# diablo2 1.1?



## satanicpoptart (Mar 4, 2003)

anybody have an underground release date?


----------



## JetwingX (Mar 4, 2003)

very soon (some time this week says my source)

(assuming you mean the patch)


----------



## Silock@CSi (Mar 5, 2003)

Oooh!  Is this patch going to finally make it run in OS X and have support for my GeForce 4?  I hate running this game using software acceleration


----------



## pej (Mar 5, 2003)

sorry, i'm new around here... but whats wrong with it under osx? it runs fairly well for me (definitely good enough to play) in 800x600 on my 667 powerbook. is it only nvidia cards?

in other news, i'm dying for 1.10


----------



## wyvern (Mar 5, 2003)

With NVidia cards, Diablo II runs like crap, even on a dual 800. And the 1.10 patch has been coming out "next week" for about a year now.


----------



## Stridder44 (Mar 5, 2003)

So its only with Nvidia card? Heh...no wonder its so slow for me...


----------



## a2daj (Mar 8, 2003)

Actually, for both NVIDIA and ATI cards, hardware acceleration isn't as consistent as software mode in terms of performance for both OS 9 and OS X.  Hardware rendering may seem high at first, but once a lot of stuff starts happening on screen then performance drops through the floor.

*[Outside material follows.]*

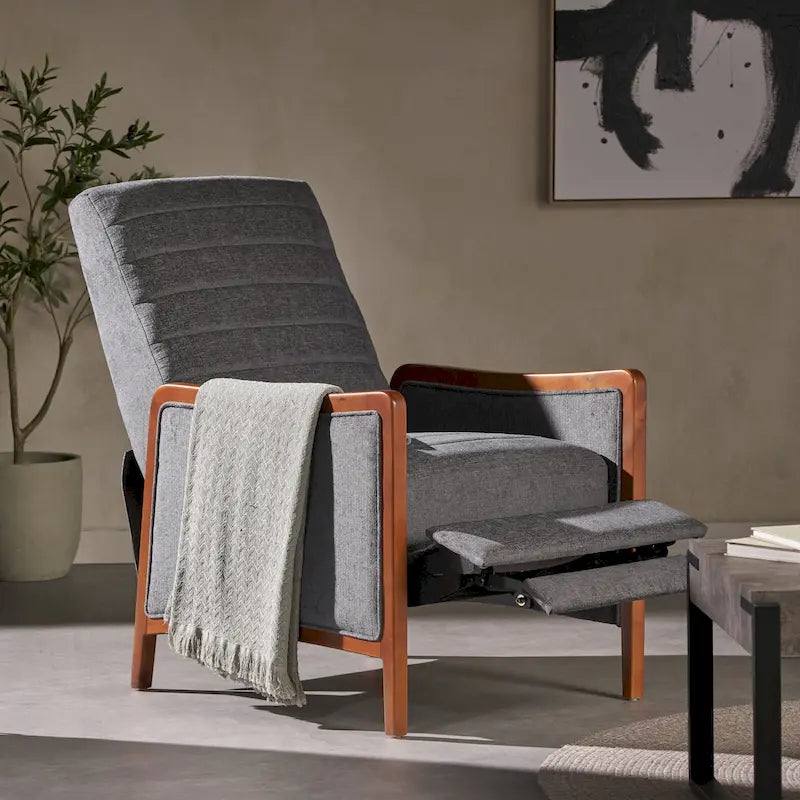 Fauteuil moderne de style médiéval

The absolutely best way to play Diablo II is with a 3dfx card (Voodoo3 or greater) using Glide acceleration.  The 3d accelerated aspect of the game was designed with Glide in mind because at the time 3dfx was the king of 3d game acceleration.  
In OS 9, RAVE is alright, but heavy traffic can cause major issues.  With OpenGL, performance is even worse.
In OS X, OpenGL is the only hardware accelerated API to choose from, but there are issues with texture loading and unloading which cause major performance hits (according to more than one Mac developer).
With FPS games, most textues load during level loading before any action starts.  With a game like Diablo II, which is basically a 2D game with a bunch of textures, textures are constantly being loaded and unloaded from the 3D card's VRAM.  Because the maps are so big in Diablo II, it's not feasible to load all the textures for the game within the VRAM, let alone the system RAM.  Since OS X's OpenGL has slow texture loading and unloading, Diablo II performance suffers.  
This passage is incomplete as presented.